Skontaktowaliśmy się z przedstawicielem Zarządu Wód Polskich, który zapewnił nas, że prace w ramach pierwszego etapu tej inwestycji rozpoczną się już niebawem. - Zbiornik, który został w Sulejowie zbudowany ponad 40 lat temu, i sama Pilica, są mocno zaniedbane. Aby poprawić tę sytuacje należy liczyć się z wydatkiem rzędu 28 mln zł - powiedział nam Krzysztof Woś, zastępca prezesa Wód Polskich ds. Ochrony Przed Powodzią i Suszą. - Fakt, że zadanie to znalazło się na liście nr II tzw. Master Planów (zatwierdzanej przez Radę Ministrów) sprawia, że możliwości pozyskania środków zewnętrznych są mocno ograniczone. W związku z tymi trudnościami Wody Polskie proponują, by podzielić to przedsięwzięcie na dwa etapy. W pierwszym należy przeprowadzić regulację rzeki Pilicy, czyli między innymi jej pogłębienie i wzmocnienie brzegów oraz uporządkowanie strefy cofkowej zbiornika. Ten etap chcemy rozpocząć niezwłocznie. Prace wystartują w tym roku, a w przyszłym powinniśmy je zakończyć. To, kiedy na miejscu pojawią się ekipy, które wezmą udział w pracach, zależy od procedury przetargowej. Decyzja co do rozpoczęcia działań już zapadła. Ta pierwsza część może kosztować około 5 mln zł i będzie finansowana z obecnego i przyszłorocznego budżetu Wód Polskich.

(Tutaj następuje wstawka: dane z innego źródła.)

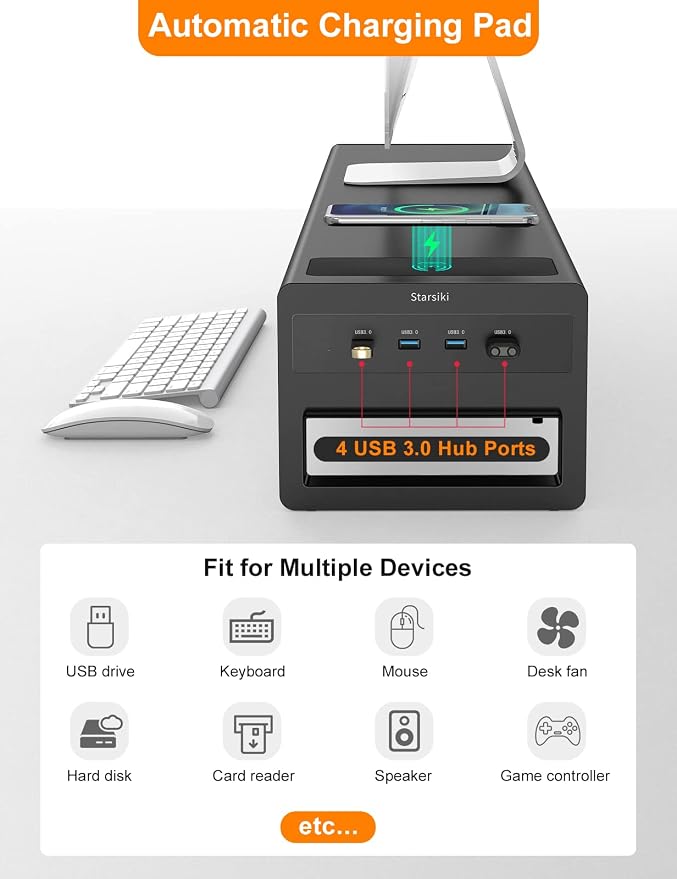 2 Tiers Dual Monitor Stand with Auto Charging Pad, 4 USB 3.0 Hub Ports, Double Monitor Riser, Metal Desk Stand with Storage, Long Screen Raiser for 2 Monitors/PC/Laptop/Computer Space Saver Organizer - Image 2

W drugim etapie trzeba się z kolei zająć samym zbiornikiem. Należy go uporządkować, jednak z punktu widzenia ochrony przeciwpowodziowej... nie jest to sprawa aż tak nagląca (z pewnością inne zdanie na ten temat mają mieszkańcy Sulejowa). - Druga część prac jest o wiele droższa, dlatego, że wymaga m.in. przeprowadzenia prac pogłębiarskich czy wyczyszczenia zbiornika poprzez refulację (prace mające na celu poszerzanie oraz ochronę plaży, terenów brzegowych, wysp, portów i torów podejściowych – przyp. red.) - dodaje K. Woś.
Dorota Jankowska, zastępca burmistrza Sulejowa podkreśla, że to bardzo ważna i dobra wiadomość dla wszystkich mieszkańców gminy, ale jednocześnie dodaje, że nie wszystko jest tak oczywiste jak na pierwszy rzut oka mogłoby się wydawać. - Realizacja tej inwestycji jest ukoronowaniem wszelkich działań, jakie podjęliśmy wspólnie z burmistrzem Wojciechem Ostrowskim – mówi. - Przez ostatnie 4 lata intensywnie zabiegaliśmy o realizację inwestycji nazwanej „Makroniwelacja i rekultywacja zbiornika wodnego Sulejów wraz z udrożnieniem partii cofkowej na odcinku rzeki Pilicy w Sulejowie". Jesteśmy szczęśliwi w związku z podjętą decyzją i cieszymy się, że Wody Polskie planują rozpocząć prace tak szybko. Z drugiej strony wiemy jednak, że nie ma dokumentacji projektowej, która pozwoliłaby na zrealizowanie tego przedsięwzięcia i na pewno nie powstanie ona w ciągu najbliższych tygodni. Dlatego też ta radość jest okraszona pewną wątpliwością, która wynika z doświadczenia, jakie nabyliśmy przez lata ubiegania się o podjęcie działań.
Codziennością dla mieszkańców Sulejowa jest to, że wszystkie wody podziemne znajdujące się na ich terenie równają do wysokości Pilicy, co w praktyce oznacza regularne zalewanie domowych piwnic. Kiedy tylko w regionie pojawiają się intensywne opady deszczu, w Sulejowie bardzo szybko osiągane są stany ostrzegawcze. Jeśli Pilica wylałaby, wał zabezpieczający mieszkańców przed powodzą uległby zniszczeniu, wówczas zatopionych zostałoby około 600 gospodarstw domowych.